Yeah they don't have the model I'm interested in (in other thread), the 42" but they can order it.  A dealer in Alpharetta has them in stock and more importantly one gased up and ready to test ride!      I'll go try it out as soon as the rain stops.  
It's by far the best deal for the money that I can find....
Hunt/fish safely,
Phil


----------



## Todd E (Apr 6, 2005)

Ex Mark Lazer Z

By far, beats Toro 

Do not know anything about the Swisher. Dixie Choppers are just too loud.
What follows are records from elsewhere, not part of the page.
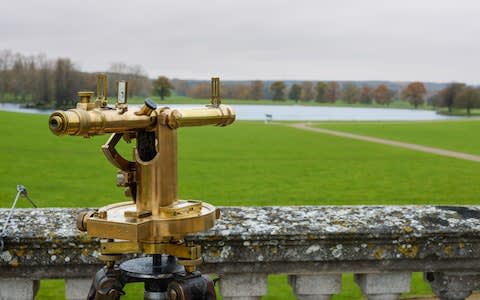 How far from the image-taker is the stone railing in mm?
3404

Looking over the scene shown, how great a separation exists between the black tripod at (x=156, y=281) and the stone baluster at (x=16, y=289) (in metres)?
1.11

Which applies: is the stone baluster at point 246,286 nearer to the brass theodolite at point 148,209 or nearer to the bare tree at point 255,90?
the brass theodolite at point 148,209

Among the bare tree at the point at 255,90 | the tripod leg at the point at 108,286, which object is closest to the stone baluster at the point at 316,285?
the tripod leg at the point at 108,286

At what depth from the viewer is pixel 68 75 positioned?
3404 mm

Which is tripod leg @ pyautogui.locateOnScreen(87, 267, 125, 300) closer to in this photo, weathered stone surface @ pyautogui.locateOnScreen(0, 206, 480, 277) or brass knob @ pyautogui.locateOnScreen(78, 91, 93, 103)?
brass knob @ pyautogui.locateOnScreen(78, 91, 93, 103)

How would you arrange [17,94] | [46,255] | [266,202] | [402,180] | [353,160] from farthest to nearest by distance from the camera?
[353,160] < [402,180] < [266,202] < [17,94] < [46,255]

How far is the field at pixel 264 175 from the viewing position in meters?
15.6

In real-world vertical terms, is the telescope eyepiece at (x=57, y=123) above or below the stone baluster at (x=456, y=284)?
above

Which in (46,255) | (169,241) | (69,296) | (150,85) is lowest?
(69,296)

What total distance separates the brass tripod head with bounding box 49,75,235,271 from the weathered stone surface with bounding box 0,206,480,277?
41.7 inches

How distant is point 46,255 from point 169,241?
1330mm

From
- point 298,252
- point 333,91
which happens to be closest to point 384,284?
point 298,252

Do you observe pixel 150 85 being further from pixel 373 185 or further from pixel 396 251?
pixel 373 185

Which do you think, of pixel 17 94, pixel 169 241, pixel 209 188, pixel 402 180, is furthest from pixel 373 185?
pixel 169 241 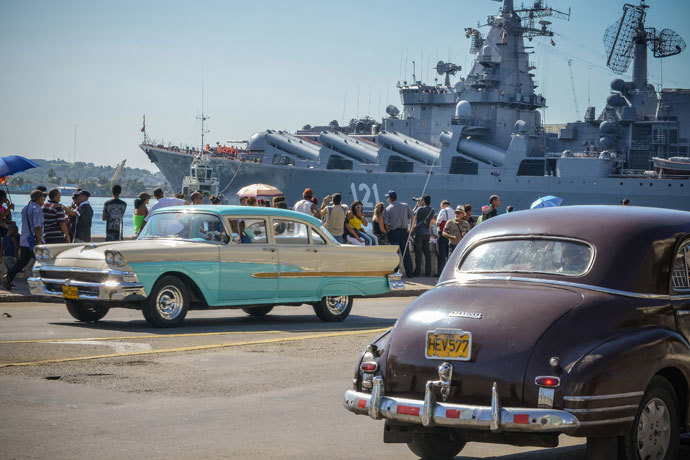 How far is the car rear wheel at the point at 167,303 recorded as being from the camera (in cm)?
1198

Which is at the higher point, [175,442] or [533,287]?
[533,287]

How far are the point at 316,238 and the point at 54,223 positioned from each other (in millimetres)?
5130

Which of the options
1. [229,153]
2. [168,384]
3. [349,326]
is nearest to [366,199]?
[229,153]

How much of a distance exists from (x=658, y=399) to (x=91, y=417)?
385 cm

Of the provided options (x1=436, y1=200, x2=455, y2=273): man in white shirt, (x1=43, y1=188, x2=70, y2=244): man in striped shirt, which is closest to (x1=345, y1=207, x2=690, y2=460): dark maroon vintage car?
(x1=43, y1=188, x2=70, y2=244): man in striped shirt

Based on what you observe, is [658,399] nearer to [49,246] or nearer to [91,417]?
[91,417]

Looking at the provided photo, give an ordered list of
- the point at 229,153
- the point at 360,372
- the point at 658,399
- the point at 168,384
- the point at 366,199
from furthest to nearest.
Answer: the point at 229,153 → the point at 366,199 → the point at 168,384 → the point at 360,372 → the point at 658,399

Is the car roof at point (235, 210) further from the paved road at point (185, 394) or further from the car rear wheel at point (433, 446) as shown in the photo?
the car rear wheel at point (433, 446)

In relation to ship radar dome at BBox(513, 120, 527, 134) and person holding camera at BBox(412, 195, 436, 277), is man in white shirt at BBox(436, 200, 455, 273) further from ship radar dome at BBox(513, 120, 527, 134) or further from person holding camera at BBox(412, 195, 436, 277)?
ship radar dome at BBox(513, 120, 527, 134)

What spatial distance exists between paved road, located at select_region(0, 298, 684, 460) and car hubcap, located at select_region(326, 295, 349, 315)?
3.15ft

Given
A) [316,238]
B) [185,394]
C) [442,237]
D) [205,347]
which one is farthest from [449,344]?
[442,237]

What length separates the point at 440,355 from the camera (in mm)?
5676

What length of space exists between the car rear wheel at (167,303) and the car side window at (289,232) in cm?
156

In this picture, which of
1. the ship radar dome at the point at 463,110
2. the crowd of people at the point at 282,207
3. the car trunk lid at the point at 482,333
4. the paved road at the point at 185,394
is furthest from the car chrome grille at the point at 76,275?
the ship radar dome at the point at 463,110
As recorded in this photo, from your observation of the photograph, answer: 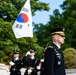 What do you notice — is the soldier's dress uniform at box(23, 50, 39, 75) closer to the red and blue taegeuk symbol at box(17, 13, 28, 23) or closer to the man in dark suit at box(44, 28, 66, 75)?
the red and blue taegeuk symbol at box(17, 13, 28, 23)

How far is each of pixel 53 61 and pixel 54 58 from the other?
7cm

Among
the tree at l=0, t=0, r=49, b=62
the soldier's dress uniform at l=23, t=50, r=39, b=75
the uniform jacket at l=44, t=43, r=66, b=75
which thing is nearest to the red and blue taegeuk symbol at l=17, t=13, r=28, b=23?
the soldier's dress uniform at l=23, t=50, r=39, b=75

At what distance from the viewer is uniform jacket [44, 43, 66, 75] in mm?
5672

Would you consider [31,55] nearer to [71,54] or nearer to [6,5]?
[71,54]

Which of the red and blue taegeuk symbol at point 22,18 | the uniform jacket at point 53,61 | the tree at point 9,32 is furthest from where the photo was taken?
the tree at point 9,32

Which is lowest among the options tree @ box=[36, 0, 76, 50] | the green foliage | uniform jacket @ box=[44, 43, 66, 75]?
tree @ box=[36, 0, 76, 50]

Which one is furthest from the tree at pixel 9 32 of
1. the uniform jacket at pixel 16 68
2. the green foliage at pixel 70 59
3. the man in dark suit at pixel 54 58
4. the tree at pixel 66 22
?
the man in dark suit at pixel 54 58

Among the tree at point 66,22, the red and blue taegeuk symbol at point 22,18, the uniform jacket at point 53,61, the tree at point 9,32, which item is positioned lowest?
the tree at point 66,22

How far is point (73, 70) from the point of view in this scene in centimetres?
1812

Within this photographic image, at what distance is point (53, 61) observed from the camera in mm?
5715

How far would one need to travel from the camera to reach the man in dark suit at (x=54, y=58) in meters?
5.68

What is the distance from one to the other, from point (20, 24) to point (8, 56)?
33.6 feet

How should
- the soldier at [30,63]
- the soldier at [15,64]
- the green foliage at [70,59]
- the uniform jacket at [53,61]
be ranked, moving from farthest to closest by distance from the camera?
the green foliage at [70,59], the soldier at [15,64], the soldier at [30,63], the uniform jacket at [53,61]

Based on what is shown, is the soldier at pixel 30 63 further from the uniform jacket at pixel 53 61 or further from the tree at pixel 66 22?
the tree at pixel 66 22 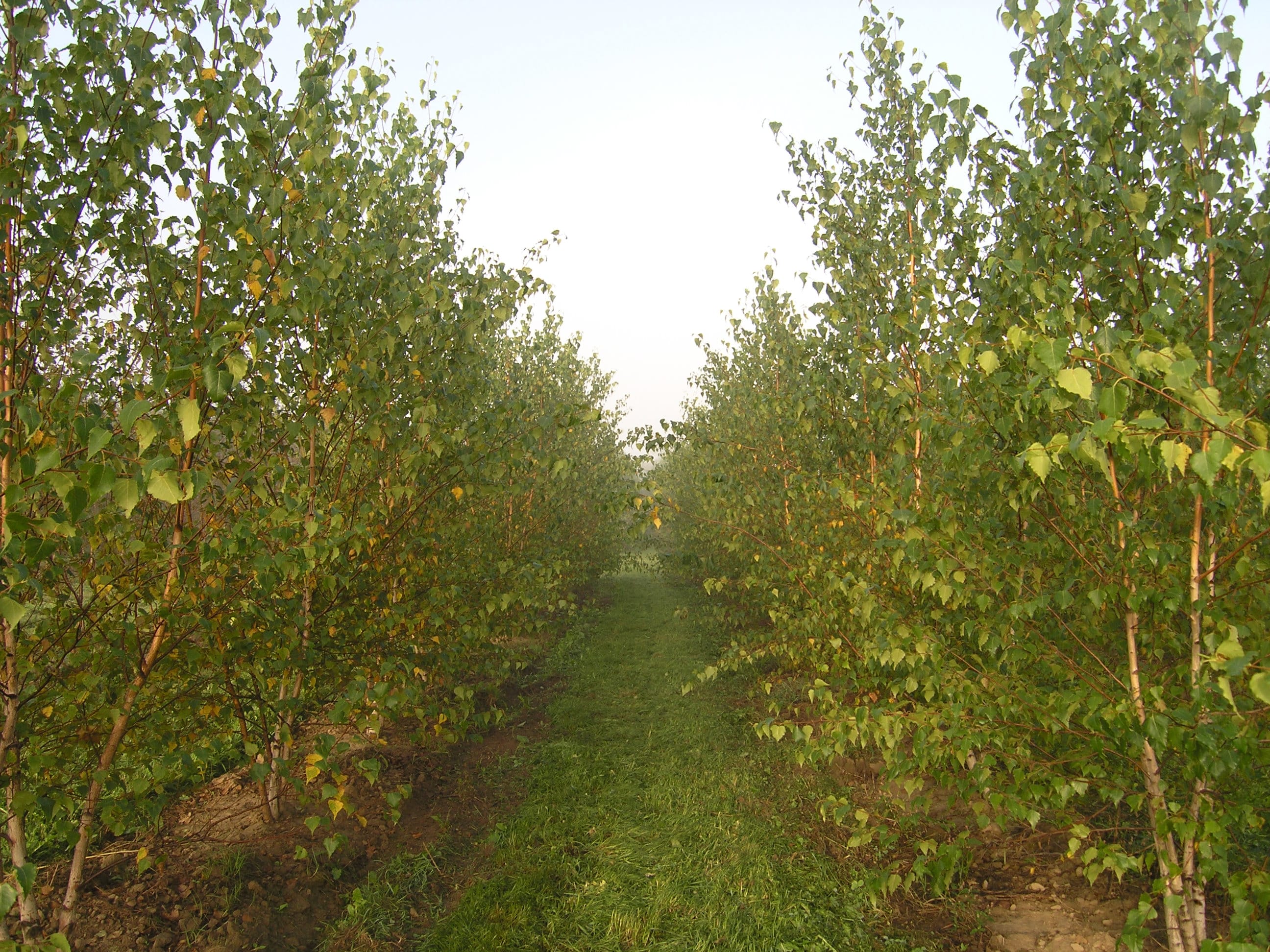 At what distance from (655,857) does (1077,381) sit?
4.94m

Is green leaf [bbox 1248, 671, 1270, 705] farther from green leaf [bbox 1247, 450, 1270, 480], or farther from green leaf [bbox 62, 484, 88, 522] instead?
green leaf [bbox 62, 484, 88, 522]

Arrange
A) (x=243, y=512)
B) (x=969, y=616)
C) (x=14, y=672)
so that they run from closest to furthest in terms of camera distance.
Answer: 1. (x=14, y=672)
2. (x=243, y=512)
3. (x=969, y=616)

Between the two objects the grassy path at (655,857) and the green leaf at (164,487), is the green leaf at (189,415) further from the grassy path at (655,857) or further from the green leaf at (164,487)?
the grassy path at (655,857)

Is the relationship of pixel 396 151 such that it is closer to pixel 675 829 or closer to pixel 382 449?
pixel 382 449

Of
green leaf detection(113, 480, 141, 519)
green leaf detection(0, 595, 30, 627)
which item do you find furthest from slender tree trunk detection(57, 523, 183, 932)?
green leaf detection(113, 480, 141, 519)

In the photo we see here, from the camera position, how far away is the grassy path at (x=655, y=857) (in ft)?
14.5

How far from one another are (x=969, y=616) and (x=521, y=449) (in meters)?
2.84

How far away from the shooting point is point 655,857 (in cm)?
538

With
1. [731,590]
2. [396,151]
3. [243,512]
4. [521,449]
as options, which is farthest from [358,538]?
[731,590]

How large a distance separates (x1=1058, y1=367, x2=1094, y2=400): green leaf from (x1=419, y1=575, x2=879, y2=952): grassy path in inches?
153

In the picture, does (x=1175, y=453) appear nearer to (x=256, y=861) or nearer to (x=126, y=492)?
(x=126, y=492)

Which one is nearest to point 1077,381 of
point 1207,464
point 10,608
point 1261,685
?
point 1207,464

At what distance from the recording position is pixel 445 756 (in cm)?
742

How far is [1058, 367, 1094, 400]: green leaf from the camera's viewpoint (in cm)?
174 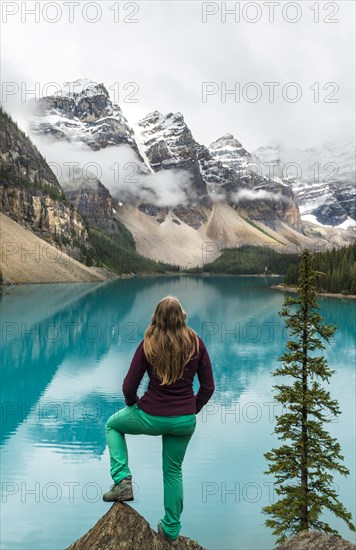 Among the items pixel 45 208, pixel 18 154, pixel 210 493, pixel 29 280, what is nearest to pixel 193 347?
pixel 210 493

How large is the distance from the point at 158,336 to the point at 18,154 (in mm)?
206653

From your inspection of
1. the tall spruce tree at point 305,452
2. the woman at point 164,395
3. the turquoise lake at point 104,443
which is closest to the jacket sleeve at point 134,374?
the woman at point 164,395

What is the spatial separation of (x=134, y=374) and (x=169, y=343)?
0.75 m

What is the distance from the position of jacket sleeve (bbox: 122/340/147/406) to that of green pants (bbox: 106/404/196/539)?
14cm

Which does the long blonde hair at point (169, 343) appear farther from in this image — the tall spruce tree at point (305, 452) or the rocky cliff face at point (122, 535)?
the tall spruce tree at point (305, 452)

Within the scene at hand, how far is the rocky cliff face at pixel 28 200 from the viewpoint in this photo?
17088cm

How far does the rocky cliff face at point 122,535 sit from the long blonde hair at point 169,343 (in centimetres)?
194

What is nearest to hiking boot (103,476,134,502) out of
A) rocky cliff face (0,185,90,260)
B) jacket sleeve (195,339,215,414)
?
jacket sleeve (195,339,215,414)

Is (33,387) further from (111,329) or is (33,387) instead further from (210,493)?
(111,329)

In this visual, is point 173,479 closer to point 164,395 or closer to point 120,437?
point 120,437

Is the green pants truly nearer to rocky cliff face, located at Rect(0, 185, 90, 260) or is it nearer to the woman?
the woman

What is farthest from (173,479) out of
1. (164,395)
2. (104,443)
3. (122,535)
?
(104,443)

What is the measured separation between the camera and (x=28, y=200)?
176m

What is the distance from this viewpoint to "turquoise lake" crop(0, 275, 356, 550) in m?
16.6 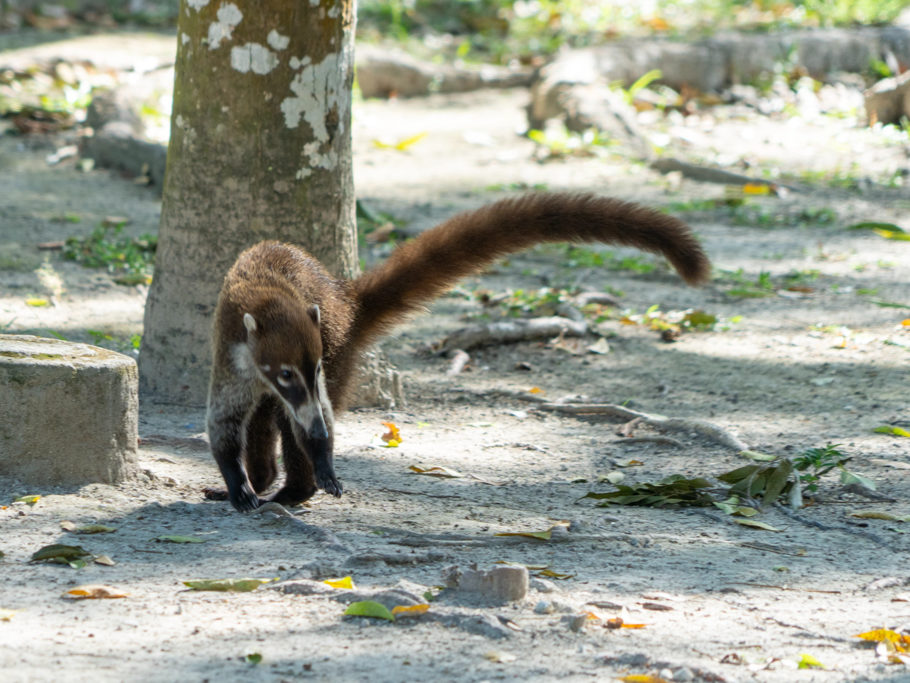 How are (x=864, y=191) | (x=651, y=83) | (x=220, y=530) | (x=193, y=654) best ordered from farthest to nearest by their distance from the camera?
(x=651, y=83) → (x=864, y=191) → (x=220, y=530) → (x=193, y=654)

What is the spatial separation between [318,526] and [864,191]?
667 cm

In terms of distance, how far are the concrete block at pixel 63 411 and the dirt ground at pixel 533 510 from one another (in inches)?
2.9

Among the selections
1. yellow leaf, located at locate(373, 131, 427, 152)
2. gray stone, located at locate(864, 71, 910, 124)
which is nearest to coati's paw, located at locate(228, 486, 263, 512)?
yellow leaf, located at locate(373, 131, 427, 152)

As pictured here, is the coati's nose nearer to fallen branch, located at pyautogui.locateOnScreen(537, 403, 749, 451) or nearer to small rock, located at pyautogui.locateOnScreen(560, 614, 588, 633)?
small rock, located at pyautogui.locateOnScreen(560, 614, 588, 633)

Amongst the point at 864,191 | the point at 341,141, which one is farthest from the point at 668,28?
the point at 341,141

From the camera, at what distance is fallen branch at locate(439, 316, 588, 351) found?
5641 millimetres

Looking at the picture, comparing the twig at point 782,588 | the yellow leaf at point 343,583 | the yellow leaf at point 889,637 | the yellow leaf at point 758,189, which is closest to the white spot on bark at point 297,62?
the yellow leaf at point 343,583

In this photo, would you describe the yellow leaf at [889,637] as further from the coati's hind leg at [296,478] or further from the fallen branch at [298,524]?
the coati's hind leg at [296,478]

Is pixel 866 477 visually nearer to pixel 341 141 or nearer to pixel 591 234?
pixel 591 234

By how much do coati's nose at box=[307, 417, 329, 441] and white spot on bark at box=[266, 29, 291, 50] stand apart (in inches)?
Result: 67.5

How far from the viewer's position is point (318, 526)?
3418 millimetres

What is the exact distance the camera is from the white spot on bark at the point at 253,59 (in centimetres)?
432

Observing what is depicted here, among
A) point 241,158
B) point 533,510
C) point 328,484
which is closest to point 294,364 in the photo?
point 328,484

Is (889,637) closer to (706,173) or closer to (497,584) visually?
(497,584) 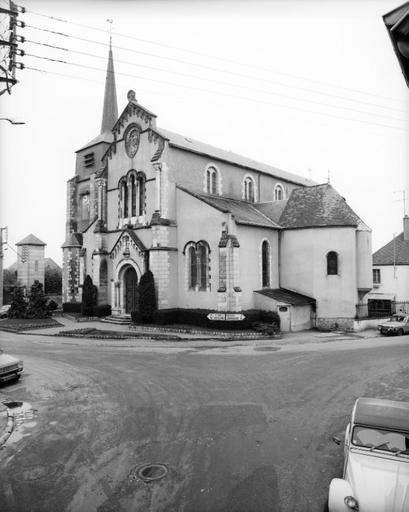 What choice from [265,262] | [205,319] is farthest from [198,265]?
[265,262]

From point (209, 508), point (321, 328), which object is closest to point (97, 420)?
point (209, 508)

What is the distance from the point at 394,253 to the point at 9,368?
118 feet

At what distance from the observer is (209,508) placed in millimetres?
6074

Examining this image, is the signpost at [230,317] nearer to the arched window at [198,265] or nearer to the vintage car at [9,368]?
the arched window at [198,265]

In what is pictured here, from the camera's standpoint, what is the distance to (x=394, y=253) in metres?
38.2

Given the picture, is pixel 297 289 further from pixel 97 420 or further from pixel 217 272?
pixel 97 420

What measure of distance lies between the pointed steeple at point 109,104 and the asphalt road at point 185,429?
29537 mm

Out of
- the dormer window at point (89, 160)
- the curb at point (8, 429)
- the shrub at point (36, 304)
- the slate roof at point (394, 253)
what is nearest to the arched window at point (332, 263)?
the slate roof at point (394, 253)

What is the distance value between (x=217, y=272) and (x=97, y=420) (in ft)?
56.0

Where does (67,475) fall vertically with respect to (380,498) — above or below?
below

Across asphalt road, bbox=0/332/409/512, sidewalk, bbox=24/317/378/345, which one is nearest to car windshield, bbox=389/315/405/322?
sidewalk, bbox=24/317/378/345

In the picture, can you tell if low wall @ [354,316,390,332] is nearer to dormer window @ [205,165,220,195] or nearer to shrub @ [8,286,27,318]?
dormer window @ [205,165,220,195]

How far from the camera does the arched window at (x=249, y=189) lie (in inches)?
1384

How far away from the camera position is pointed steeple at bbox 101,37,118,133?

Not knocking Toro, but if you want the best bang for your buck.......

Ex Mark.


----------



## Deerhead (Apr 7, 2005)

Todd Dixie Chopper may be loud but it is the fastest!

That thing will fly!  My landscaper has one.  He custs my back 40 in minites.  But its the most expensive.  I think its also powered by a Vtwin.


----------



## beretta (Apr 7, 2005)

> He custs my back 40 in minites.


   
You must have some SERIOUS back hair!!!!!!!!!


----------



## GeauxLSU (Apr 13, 2005)

*Cub Cadet*

OK, picked up the Cub Cadet today (not sure how I'm going to get it out of the back of my truck...    ) if the weather holds, it'll get it's first work out tonight.    
Hunt/fish safely,
Phil


----------



## bubbabuck (Apr 16, 2005)

Phil....let us know how you like it !!
I'm trying to decide between the Cub and the Husky???.....Which Cub did you get???....Which engine???


----------



## GeauxLSU (Apr 16, 2005)

bubbabuck said:
			
		

> Phil....let us know how you like it !!
> I'm trying to decide between the Cub and the Husky???.....Which Cub did you get???....Which engine???


Bubba,
I got this one http://www.cubcadet.com/webapp/wcs/stores/servlet/product_10051_14101_10230_16201_-1 
I actually wanted something smaller (like around 38") but that's the smallest they make.  Really great dealer do deal with though (in Alpharetta).  
Anyway, I rushed around to beat the rain and use it real quick the other day so I can't say I've really an opinion yet but preliminary thought is I overbought (I knew that going in) and it doesn't appear to be ideal for turf grasses on inclines.   I don't have fescue but on a flat patch of fescue I bet it's incredible.  The dealer put a set of gator blades on it for me and those things flat out shred the grass.  Looks like sawdust coming out!  
More to follow when I get to really use it...
Hunt/fish safely,
Phil


----------



## sniper13 (Apr 16, 2005)

*Study*

I volunteer my yard as scientific testing grounds for it !!
 
You could bring it up and all the folks here could come over and we would help evaluate it.


----------



## bubbabuck (Apr 17, 2005)

Thanks Phil...........I will make up my mind in a couple weeks,so keep me posted !!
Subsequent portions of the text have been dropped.